Uroczysty Apel

11 1 4
                                    

Julia tego dnia była mocno przybita. Uciekając ze szkoły Red Wood Peak miała nadzieję że nie będzie musiała już mieć styczności z czołgami. Niestety jej misterny plan poszedł w pizdu o czym już się dowiedziała a dzisiaj miała zostać w tym utwierdzona. Nasza milutka protagonistka pragnęła by to co działo się tydzień temu. Czyli spotkanie z komitetem szkolnym okazało się tylko złym snem. No niestety jej przypuszczenie i jednocześnie marzenie upadło juz po przyjściu do szkoły. Połowa tablic korkowych na ścianach szkoły była obwieszona plakatami o naborze do zespołów. Cała szkoła emanowała atmosferą niepewności i ciekawości co w połączeniu z upałem powodowało że od tego odczucia mogło się zrobić niedobrze. Ten zły typ niepewności udzielił się także jej przyjaciółkom. W końcu nie wiadomo ile będzie drużyn w ich jednostce i jakiej jakości będą. Równie dobrze mając szczęście do ich jednostki dostanie się piątka idiotek które wywrócą się czołgiem na prostej drodze. Niestety nic Juli mogło poprawić humoru. Nawet ulubione bułeczki truskawkowe. Tym razem jako iż nie czuła się zbyt dobrze więc kupiła lżejsze bułeczki miodowe. Męczyła ja przez całą długą przerwę. Gdzie w tamtym systemie szkolnym ma ona 45 minut. Jeszcze gorsze były lekcje. W klasach było gorąco a nauczyciele byli jacyś ospali. To wszystko razem z nerwową atmosferą oczekiwania powodowało że lekcje dłużyły się i dłużyły w nieskończoność. Po piątej lekcji gdy już wszystkie ważniejsze przedmioty zostały przerobione dziewczyny z całej szkoły zostały zwołane na apel. Apel ten miał na celu wytłumaczyć w czym będą uczestniczyć uczennice i w jakim składzie. Na sali gdzie miał odbyć się apel było przyjemnie chłodno a białe ściany oraz ogólnie dosyć biedne umeblowanie powodowało że sala wydawała się optycznie gigantyczna. Na pięć minut po tym gdy już wszystkie uczennice się zebrały przewodnicząca komitetu szkolnego. Wyglądająca jak dziewczyna młodsza o dwa lata zaczęła mówić, bardzo doniosłym i dumnym głosem.

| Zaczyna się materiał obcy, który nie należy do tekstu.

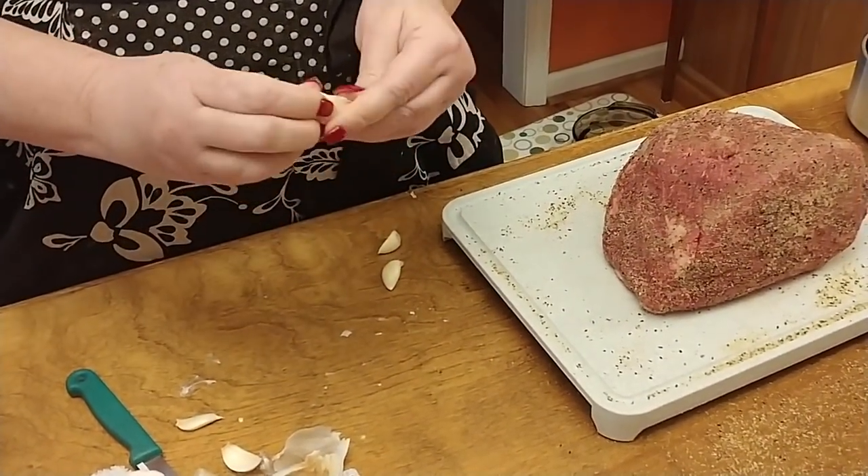We're ready to slice this up. Because we wanted it medium, it's still a little pink. We're going to plate it and put some gravy on it. Love y'all, bye!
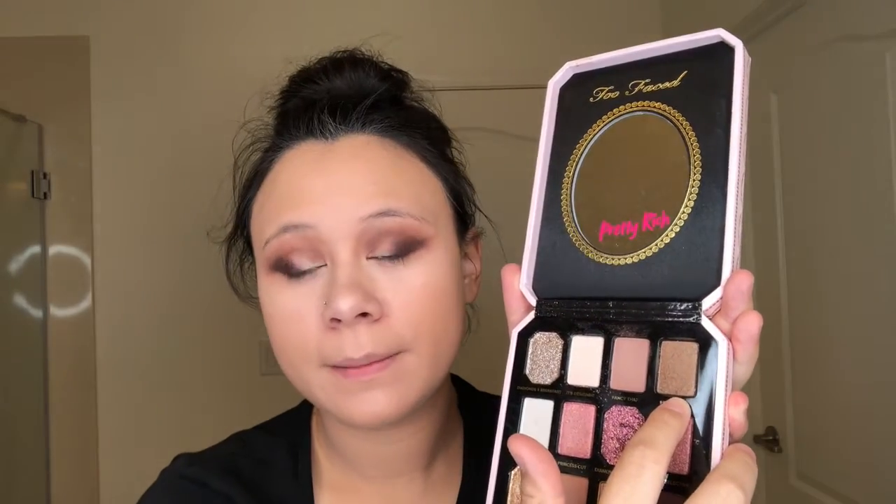Now I'd like to go in with the Pretty Rich collection and go in with Oh That's Rich, using my eyeshadow brush from Sephora. All we're going to do is just put that on the outer corner. Now that I've finished putting Oh That's Rich on the outer corners of my eyes, I am going to put on Filthy Rich, also from the Pretty Rich collection, using my Smudge Brush from Sephora, and put that on the inner corner to fill up any spots that are white.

Uczennice z żeńskiej akademi Aorii. Nadszedł czas gdzie i my musimy przystosować się do tego co jest wymagane. Czołging to sport dla kobiet. Kształtuje charakter, wytrzymałość, zaciętość i motywację. Wszystkie cechy które są uznawane za chwalebne dla kobiet. To właśnie kobiety które startowały w zawodach. Znajdują wiernego i dobrego męża szybciej o trzy czwarte. Ale nie o tym miała być mowa. Chociaż wiem ze po tym o mężach to mamy chętne do startu. Ale do rzeczy. Przestudiwałyśmy wasze CV i wybraliśmy 10 zespołów. Jutro z samego rana o czwartej. Muszą się zebrać pod hangarami szkolnymi. Tam dostaną dalsze instrukcje. Teraz po sali przejdą się chłopacy z zaprzyjaźnionej szkoły. Męskiej szkoły Red Desert Tank School. I rozdadzą wszystkim przyjętym dziewczynom karteczki z informacjami gdzie się zebrać i kiedy.
Radzę wam dziewczyny piszcie szybko swoje numery ma kartkach jeżeli  takie macie przy sobie. Bo jak oni wejdą to będziecie chciały ich poznać. Mówię wam normalnie są dziesięć na dziesięć. Takie ciacha że serduszka wam szybciej zabiją. - No wiadomo. Jak inaczej mogły by rozmawiać dziewczyny. Znaczy w sumie potrafią a jej dodatek w przemówieniu poprawił samopoczucie kilku może nawet kilkunastu uczennicom. Każda która mogła zapisywała swoje imię, nazwisko i krótki opis z numerem telefonu. W celu włożenia tej karteczki tym chłopakom do kieszeni. No jakoś trzeba się z nimi zapoznać. Gdy tylko weszli do sali... ohohoho biedne dziewczyny. Wysocy, dobrze zbudowani i bardzooo przystojni chłopacy podchodzili do nich i rozdawali kartki z informacjami. Ostatecznie karteczki dostało sześćdziesiąt dziewcząt. A chłopcy dostali prawie sto numerów telefonów. No ale to by było na tyle. Po apelu by mogły wypocząć ta "szczęśliwa" sześćdziesiątka udała się do domu. W niecierpliwości i zmartwieniu czekały na jutro.